Nun, meine sehr geehrten Damen und Herren!
Wenn wir also erneut zu dem Ausgangspunkt zurückkehren, dass wir dreißig Jahre hinter uns haben, und wir von dieser prime time vielleicht noch fünfzehn Jahre vor uns haben, und womit wir diese zubringen werden, dann muss ich sagen, die vor uns stehenden fünfzehn Jahre werden wir damit verbringen, die Sendung unserer Generation wird sein, uns gegen den liberalen Zeitgeist und den liberalen Internationalismus zu wenden. Denn Ungarn können wir nur auf diese Weise stärken. Dies wird ein auf ungerechte Weise schwieriger Kampf werden. Sie sind im Vorteil, aber ich bin der Überzeugung, dass sich auch vieles, nicht alles, aber doch vieles auf unserer Seite findet, das man als schön, frei und gerecht bezeichnen und mit dem Begriff christliche Freiheit zusammenfassen kann.

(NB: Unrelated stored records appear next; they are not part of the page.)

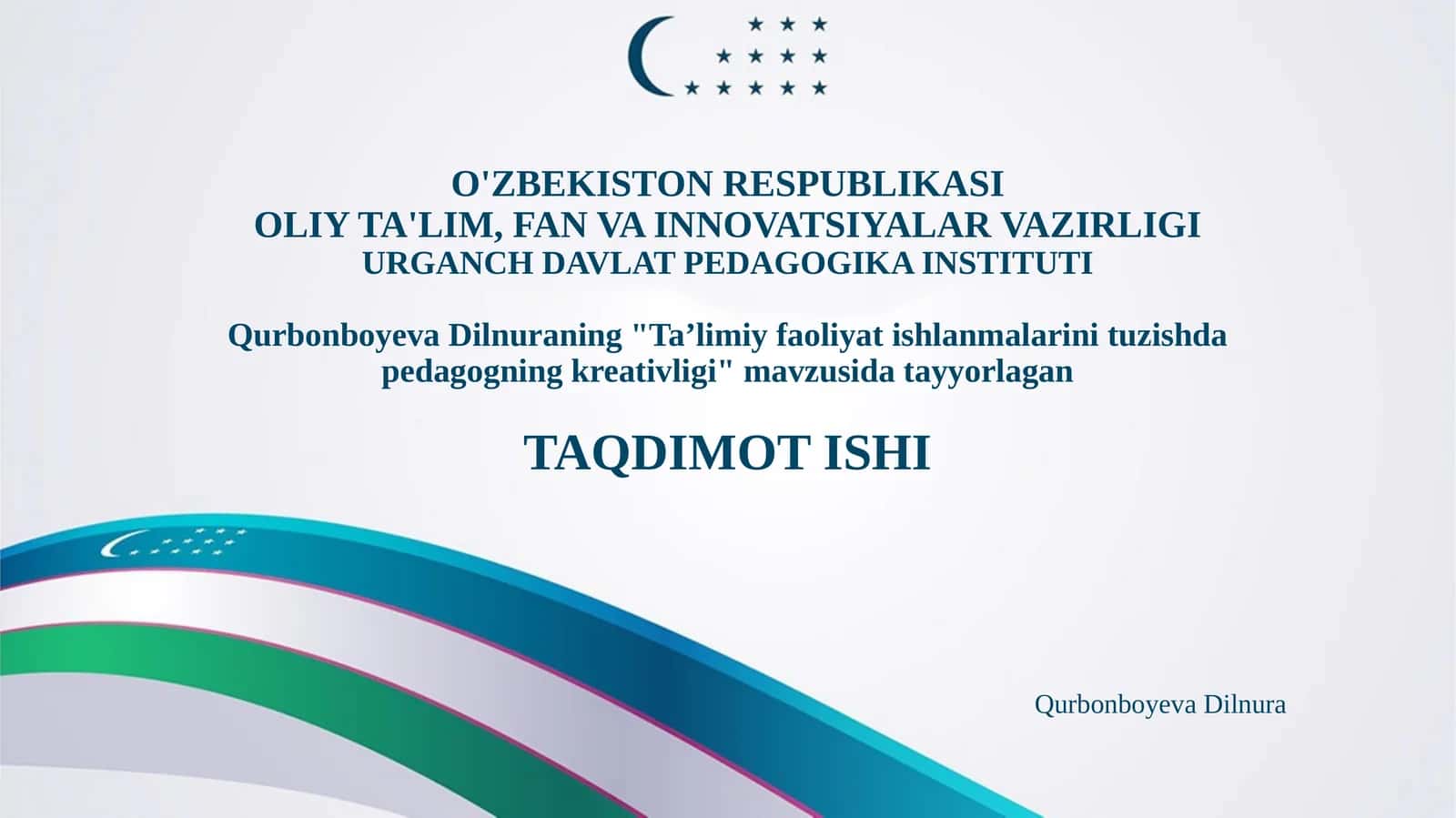 Taʼlimiy faoliyat ishlanmalarini tuzishda pedagogning kreativligi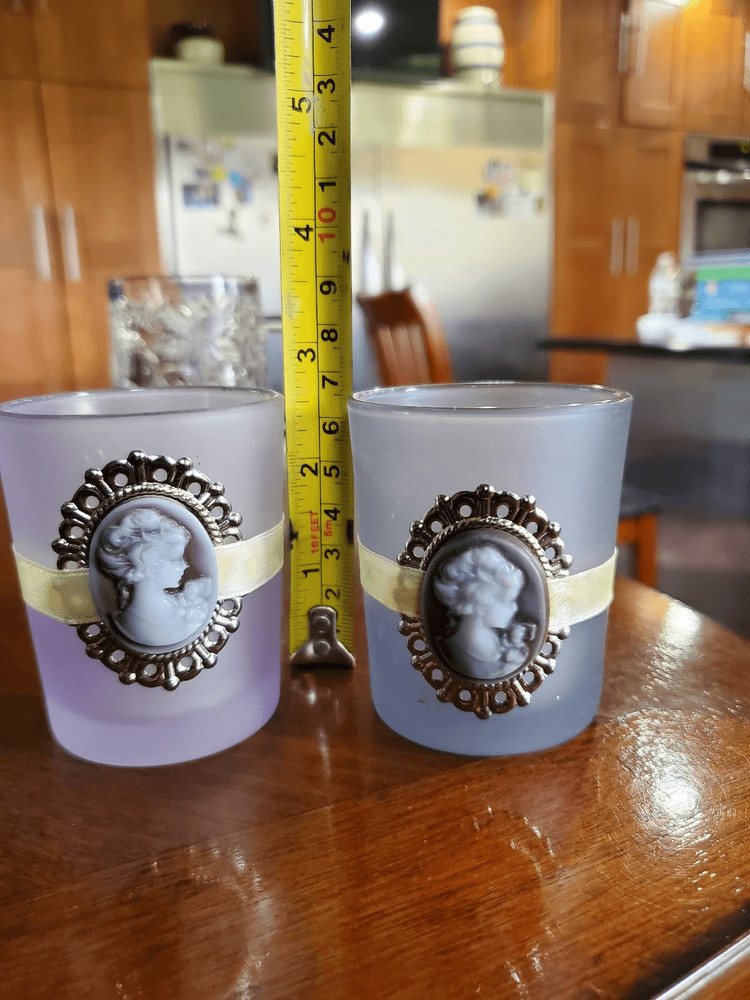 2 Cameo Votive Candle Holders
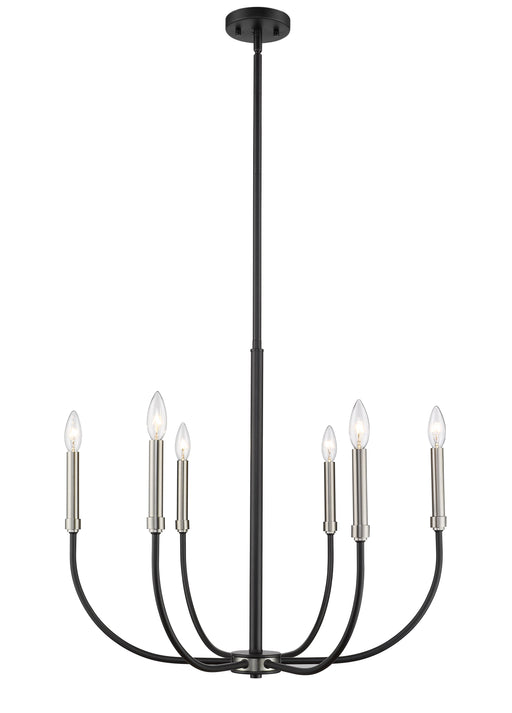Chandelier Z-Lite 479-6MB-BN Matte Black + Brushed Nickel Haylie 6 Light Chandelier Z-Lite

Dann bleibt nur noch eine einzige Frage: Die, ob wir träumen oder ob wir wach sind? Wir müssen die Frage beantworten, ob es tatsächlich möglich sein sollte, ob wir nicht – langsam schon seit zehn Jahren – träumen, ob es möglich sein sollte, dass ein Land mit zehn Millionen Einwohnern in der Europäischen Union, in der Zeit des liberalen Zeitgeistes unter dem Schuldenberg hervorkriechen konnte, seine fiskalische, wirtschaftliche Souveränität wiederherstellen konnte, sich schneller entwickelt als die liberalen Demokratien? War es ihm möglich, die Migration abzuweisen, die Familien unter Schutz zu stellen, seine christliche Kultur zu verteidigen, die Vereinigung und den Aufbau der Nation zu verkünden, die Ordnung der christlichen Freiheit zu schaffen? Ist es ihm möglich, all dies im völligen internationalen Gegenwind zu überleben, ja zum Erfolg zu führen?
Meine sehr geehrten Damen und Herren!
Meiner Ansicht nach träumen wir nicht. Das ist sehr wohl möglich! So wie es auch in den vergangenen zehn Jahren möglich war. Aber nur dann, wenn wir für das einstehen, was wir denken, und für das, was wir wollen. Wenn wir mutig sind, wenn wir tapfer sind, denn jetzt ist Tapferkeit notwendig, und wenn wir zusammenhalten, so wie es der Leitsatz dieses Lagers sagt: „Dieses Lager ist eins!“ Nun, hierum wird es in unseren kommenden 15 Jahren gehen, und ich kann Sie nur mit dem Ruf ermuntern: Vorwärts Ungarn!